4) Basically just let nature take it's course. They will spawn when ready.

Out of 8 of them you should have some males and females but you might want to post some pictures so we can see what you have. I hope this helps! Good luck!


----------



## bpman25 (Oct 21, 2010)

Water changes definetly do help as well as a bump in temp. If you can get brine shrimp that may help as well, not to mention watching the chaos after a net full of brine is shaken into the tank is very entertaining. Do you know how many males/females you have right now? Also if you have just one flower pot I would suggest giving them a few more options as far as caves go.


----------



## dawg22isit (Jan 18, 2011)

i have a lot of caves and as far as the sex i have 3 males and 5 females. If i can try to figure out how to post pics i will try thx guys. Also i think my bp is laying unfertile eggs as she never leaves a cave and will defend it at all cost


----------



## yearmax (Aug 11, 2010)

I know this is an old post but I figured I would chime in. I have 8 cons in my tank and they have all paired up. For the most part I have 2 pair that are always laying eggs but I never get any fry what so ever. My cons are all between 3 - 5".

I have them in 125 gal. tank well filtered. Tanks mats are 1 severum, 1 yellow lab, 2 kissing gourami's, 4 jewels ( which I am waiting for a pair and rehoming the others ) , 3 green texas ( also waiting for a pair hopefully) and 1 common pleco.

The tanks does have plenty of hiding spots. I have some plants in there and drift wood. Everyone gets along very well and I have no aggression issues. Can't give exact numbers but my levels are very good. Temp is between 78-80F. Soft water. Heater is off due to the summer weather here. I do weekly water changes of about a little over 25% and refill with cool water.

Like I said my cons lay eggs like rabbits but I never get anything in return .. What could the issue be?


----------



## Auballagh (Jan 29, 2003)

Tasty convict fry seems to be the issue! Heck man, with that group in there, I'd be surprised if the eggs even get a chance to hatch without getting eaten first. :?


----------



## Flippercon (Mar 5, 2011)

When I do water changes and the temp is slightly cooler then the tank my CA cichlids tend to go into breeding mode. It will happen unless you have all the same sex. Chances of that are slim with 8. Your post in a few months will be "what to do with convict fry???" .


----------



## pistolpete (Dec 28, 2009)

If you have figured out a way to stop convicts from breeding, then maybe there is a nobel prize for science coming your way.


----------



## yearmax (Aug 11, 2010)

Thanks for the replys. I am almost at a point now that after a year of trying I dont think I am going to get anything other than just eggs from my cons.

I would love to have a few fry swiming around.
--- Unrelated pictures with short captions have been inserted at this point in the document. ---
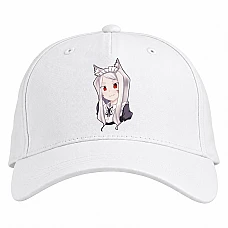 Baseball cap with Print Sewayaki Kitsune No Senko-San Neko - white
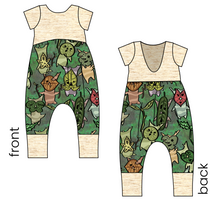 Load image into Gallery viewer, Korok Forest Low Back Romper and Bubble Romper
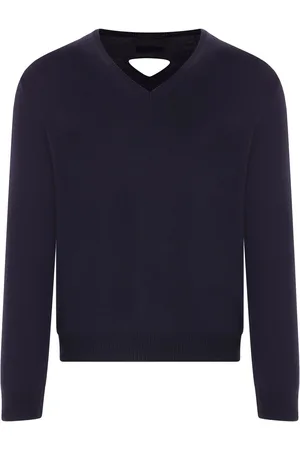 Prada Maglione in lana con scollo a V
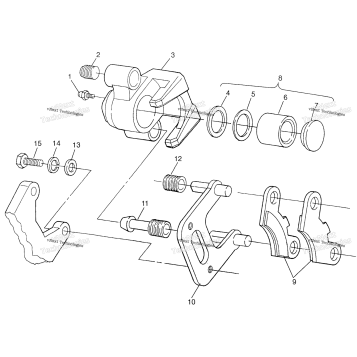 FRONT BRAKE SPORTSMAN 500 W97CH50A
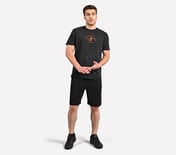 ACID WASH GRAPHIC T-SHIRT, BLACK
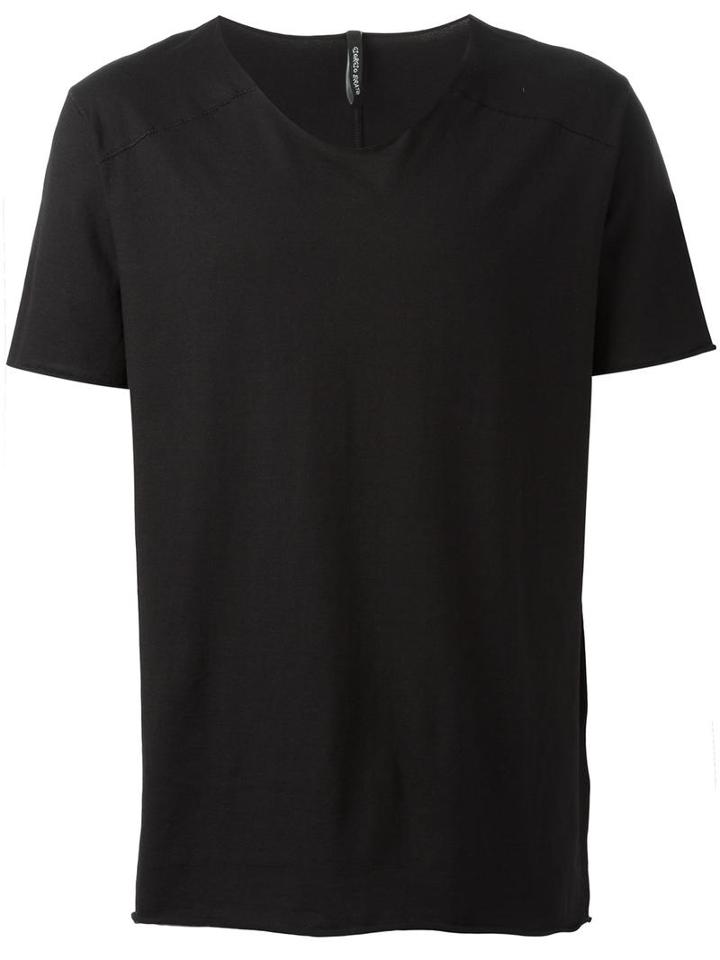 Giorgio Brato Flared T-shirt, Men's, Size: Xl, Black, Cotton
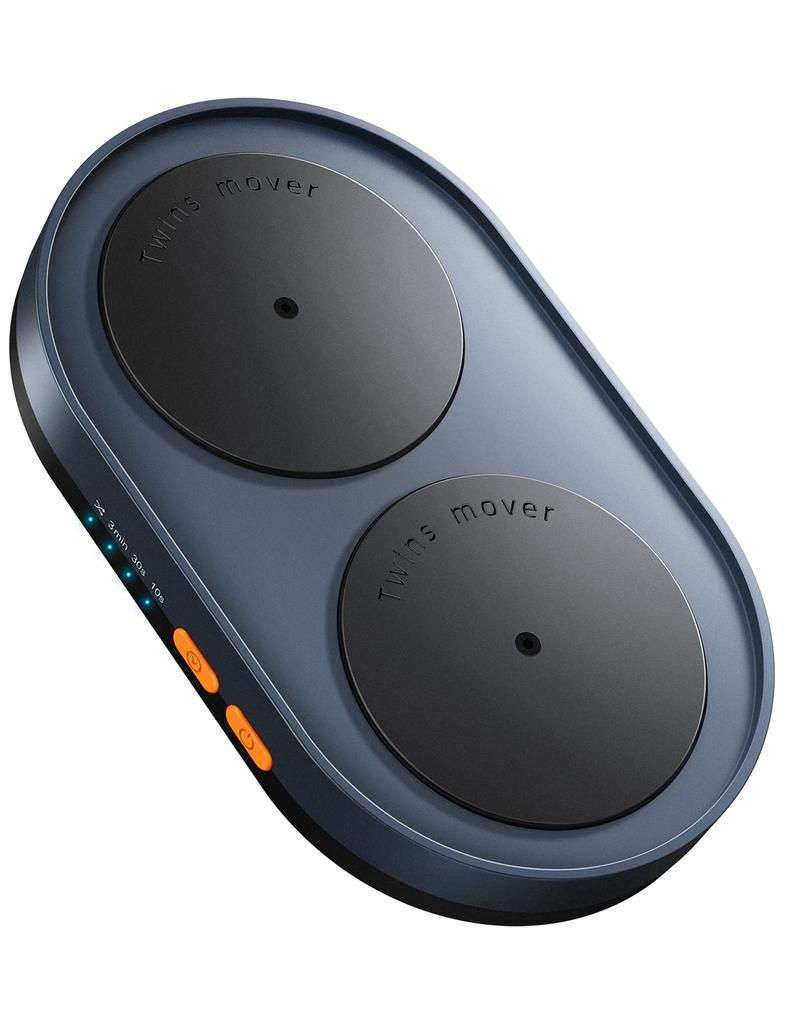 VAYDEER Dual Turntable Mouse Jigger, Silent and Undetectable Mouse Mover with Random Interval Timer, Automatically Moves Physical and Mechanical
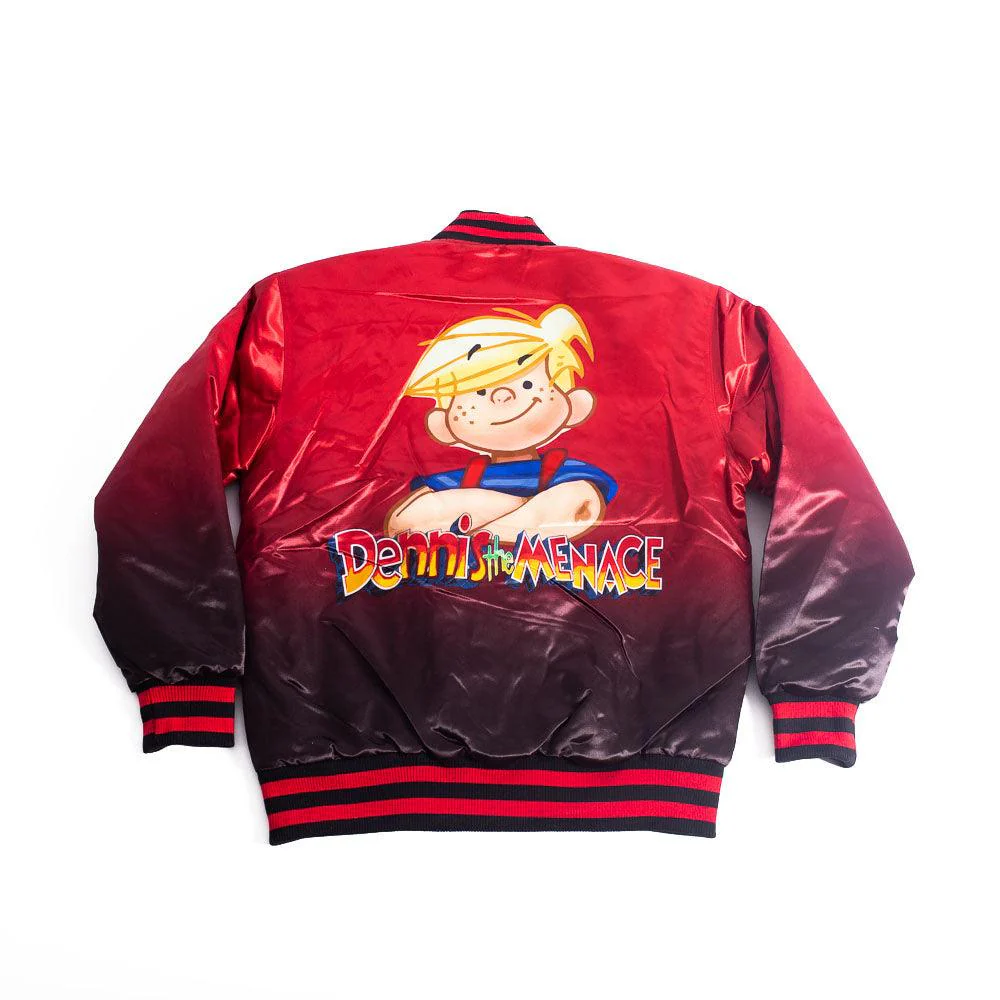 YOUTH DENNIS THE MENACE GRADIENT SATIN JACKET - Image 2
I am not worried about them getting eaten as I have read how much these cons breed when the do. I planned on taking a few to my LFS and giving some away. Maybe keeping a few and starting a new tank. All I need now if for these guys to actually have good eggs so I can get some fry..
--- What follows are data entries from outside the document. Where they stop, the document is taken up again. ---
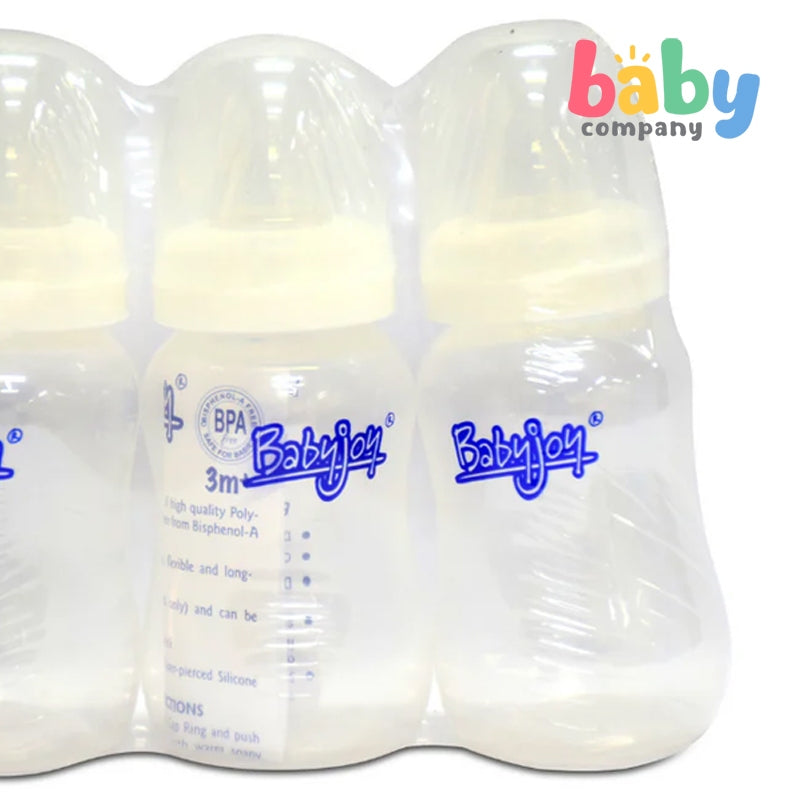 Nurture Babyjoy Classic Clear Bottle 3-pack 4oz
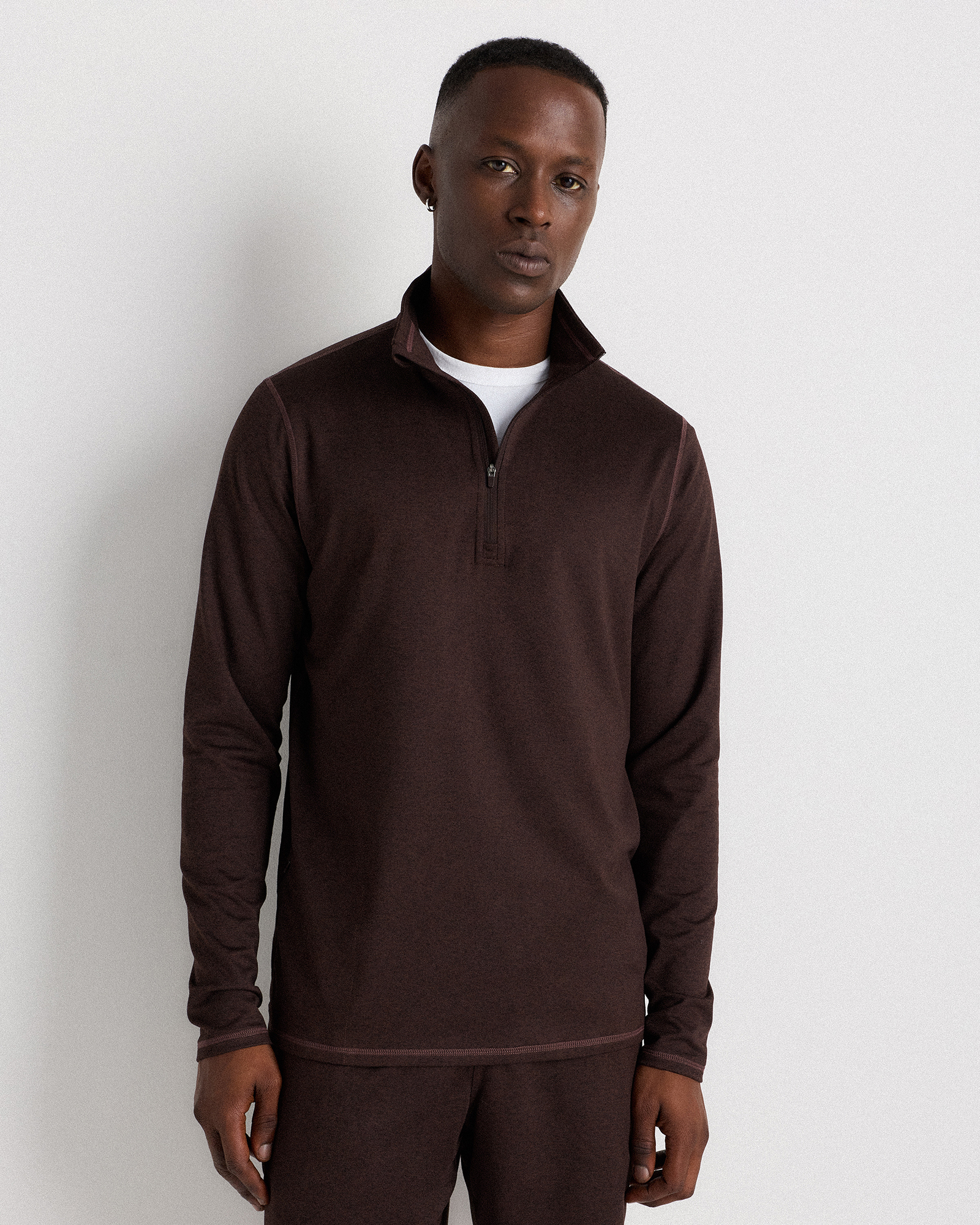 ウェア ballaholic Half Zip Pullover Jersey Ball Panel Logo Fleece Half Zip Pullover (black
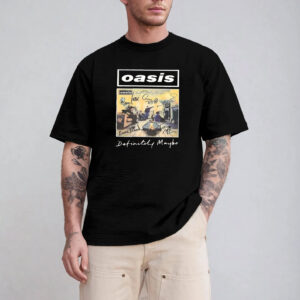 Definitely Maybe Oasis Tour 90s T shirt 3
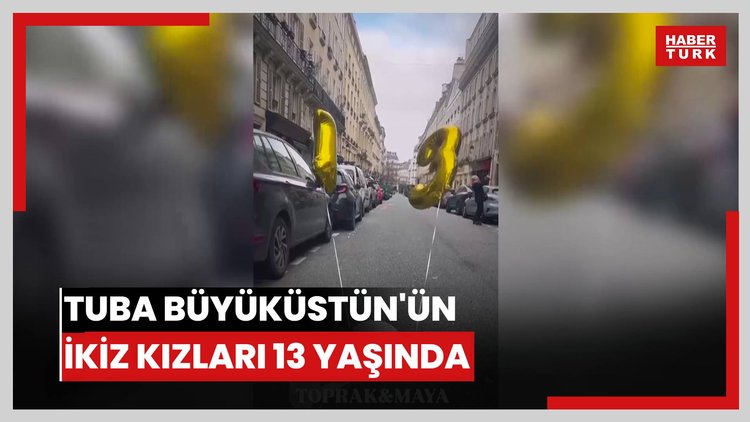 Tuba Büyüküstün ile Onur Saylak'ın kızları Maya ve Toprak 13 yaşında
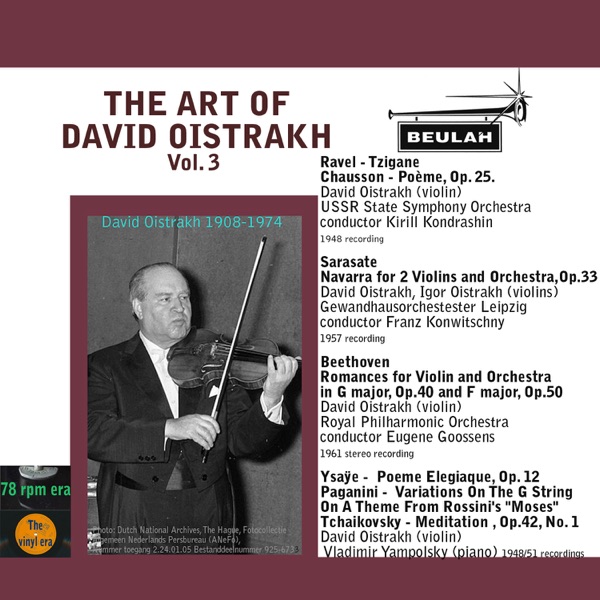 The Art of David Oistrakh, Vol. 3 album cover
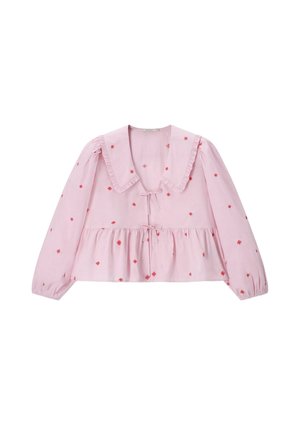 Sissy-Boy, SISSY-BOY BLUSE MIT STICKEREI - HELLROSA - Blouse - hellrosa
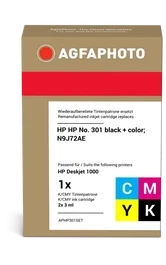 HP 301 Negro y Color Multipack Original 355 Páginas Compatible con HP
I know most people are wondering how to stop the cons from breeding so much but for me it is like have a car with turbo and it kicks in but never really works the way it is suppose to. You cant ever really use it but whats the point of having it if it does not work correctly.. You know what I mean..

Anyway when I do my WC I do add cooler water that what is in there so that is not an issue at this point . They get fed pretty good. Between the cichlid flakes, Sticks, Shrimp pellets, blood worms on occasion and I even cut up some talapia and jumbo shrimp for them and they get that once in a while.
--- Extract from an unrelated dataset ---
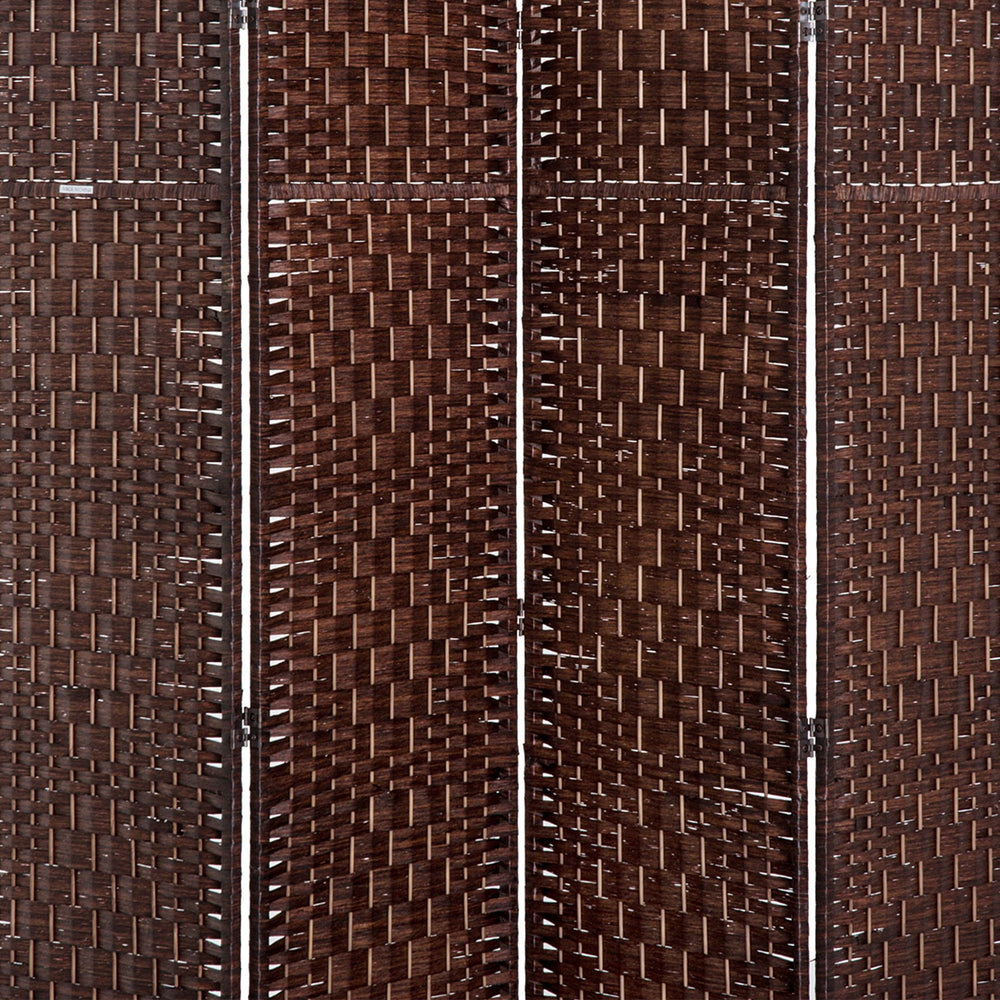 English Elm 6' Tall Wicker Weave 4 Panel Room Divider - Elegant Privacy Screen For Home & Office Spaces W2225P155592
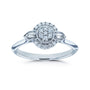 0.17 Carat Natural Diamond Unique Round Cluster Ring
I really dont know. I guess I will just have to wait an see if I get lucky.


----------



## exasperatus2002 (Jul 5, 2003)

Is this a late april fools joke? When wont a convict spawn? lol


----------



## Elijah (Mar 30, 2011)

It sounds to me like you have 8 females in there, I know its a fat chance, but it is possible. Especially since you said there's no aggression issues. Females will still lay eggs with no males around.


----------



## yearmax (Aug 11, 2010)

**** ... I hate to say it but it could be possible..I never even thought of that. Always the simplist answer that is the furthest one we think of. The only issues I have is that they do seem to be paired up. Even when they lay their eggs the 2 seem to defend the area together.

I will have to try and get pic's of all my cons and see if we ant get the sexed to make sure...


----------



## yearmax (Aug 11, 2010)

OK guys hope you can help me ID what I have here in con's. I think I got each one of the 8 but sometimes it gets hard to tell them apart. Now I know the rule of the orange spots being the female but I do have one that does not show any orange and The pink one the is hiding I do believe is female.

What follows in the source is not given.